Not that she felt sorry for me. She merely realized we were different in ways that give her certain advantages in life, and she was sizing up how I had adapted to the challenge. My nose, which by human standards is generous enough, looked completely insignificant to the black horse. It seemed to be the root of all my problems. The fact that my neck was little more than a pedestal for my head only made matters worse — as did the placement of my ears, which were small and completely immobile, and my eyes, which only paid attention to whatever was directly ahead.

The curious mare stepped away from the grass to lick my hand, touch her nose to my own, and brush her soft muzzle against my cheek. Once again, I was flooded with a barrage of sense images. I had never before noticed how much pleasure and satisfaction horses derive from touching, tasting, and smelling simultaneously. When Rasa approaches an interesting rock or an unusual tree, she reaches out with her swan-like neck and inhales a kaleidoscope of perfumed realizations as she rubs her nostrils and sometimes even her tongue across the object. At the same time, her ears move independently, like little radars scanning her surroundings for any signs of intrigue or danger.

From the perspective we shared at that pivotal moment, it seemed my front hooves had mutated into flexible appendages designed to pick things up off the ground and hold them to my nose. To Rasa, this was my most outstanding feature, though I got the impression it would be even better if my fingers had some sort of olfactory capabilities, for my sense of smell obviously wasn’t nearly as refined as hers no matter how close I got to what I was investigating. With my front legs constantly moving through the air, bringing things to my face and carrying them around, I had essentially relinquished another sense she finds useful. Tabula Rasa knows something’s up long before she can see or smell the specifics. The pockets of air in the hollows of her hooves accentuate vibrations traveling along the ground. Unexpected visitors have a harder time sneaking up on someone who has amplifiers in her feet.

The eyes of the horse are truly amazing. Placed on the sides of her head, they’re larger than those of an elephant or whale and twice as big as my own. In certain positions, Rasa can see 340 of the 360 degrees around her, with two thin blind spots, one immediately ahead and one directly behind. Of course, this means that things look rather flat to her, and occasionally she’ll even bump her nose on something right in front of her face, but if she really concentrates, she can muster a narrow band of three-dimensional vision by positioning her nose perpendicular to the ground and directing both eyes forward.

For the remainder of the afternoon, I hovered between Rasa’s point of view and my own. I must have stared at my hands for ten minutes, marveling at their strange construction. When we hit the trail again, I couldn’t help wondering if our unusually dexterous appendages are an innovation or merely a magnificent compensation awarded to an entire species of idiot savants. I’m limited to getting around on two legs as a result, which makes it necessary for Rasa to either carry me on her back or leave me in the dust whenever a quick getaway is in order. I obviously can’t hear or smell as well as she can, but it’s difficult to imagine just what I’m missing. Consequently, it’s Rasa’s ability to see two wholly different ways that continues to impress me the most.

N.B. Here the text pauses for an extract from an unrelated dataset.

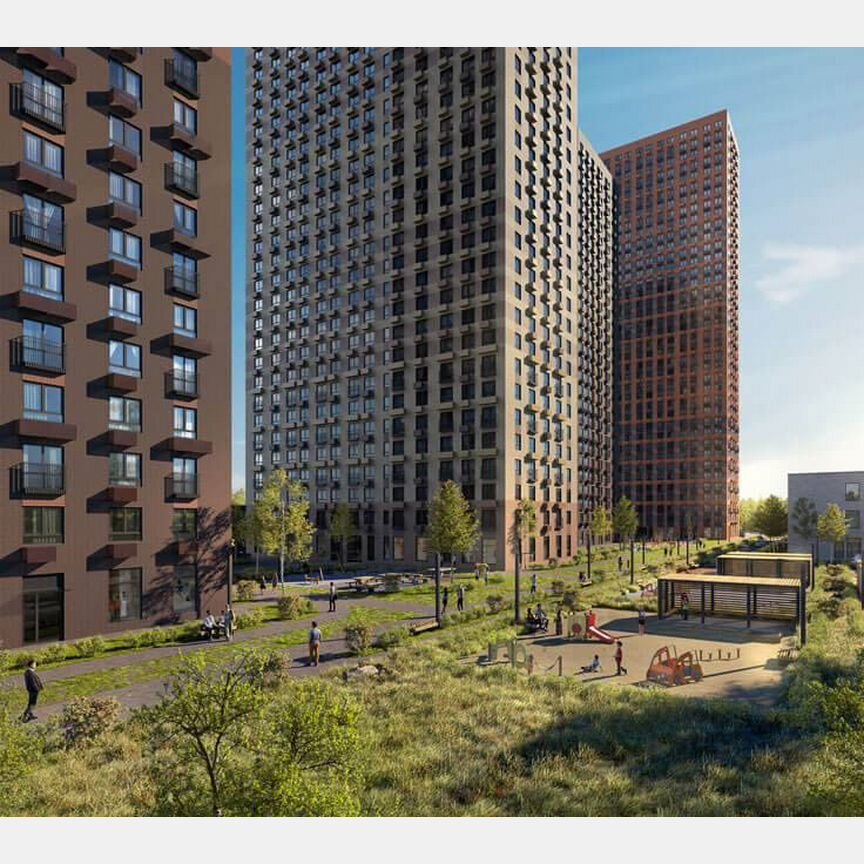 1-к. квартира, 36,4 м², 9/38 эт.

Human vision is great for focusing on a specific object and useful for analyzing all those things we like to make with our hands, including microscopes, pens, typewriters, and computers, which allow us to translate our observations into words to share with people we may never meet. But there is a trade-off. I can only see straight ahead, and while I can do that more clearly than Rasa, it would help to switch to that magnificent wide view of hers when I’m out in the world. Walking through the pasture with three or four feisty horses on the first cool day of autumn, I have to keep turning my head from side to side, making sure no one is about to run over me, hoping all the while that during those quick backward glances I’m not about to step into a hole or run into a fence. And what woman hasn’t experienced the creeping sensation of traversing a lonely city street, wishing she could see who belongs to those vague footsteps trailing behind her?

By equine standards, human beings wander through life virtually oblivious to their surroundings, their brains sweating in a panic as they try to dissect little bits and pieces of information in a constant struggle to fill the colossal gaps of their perception. Yet this process only distracts them further, for as they deconstruct, classify, and mull over the details of one observation, they miss everything else going on around them. The senses become that much duller in city dwellers who insulate themselves from the natural world, relying on gadgets, habits, and secondhand information to tell them how to respond to every situation — as long as it remains in an urban context. Steve and I once took a musician and his wife out to see a sacred petroglyph site so far off the beaten path there were no signs to distinguish one dirt road from another. When we arrived, the man’s wife, who was born, raised, and lived in New York City, literally short-circuited among those wide-open spaces. She refused to venture outside her hotel for the rest of their trip.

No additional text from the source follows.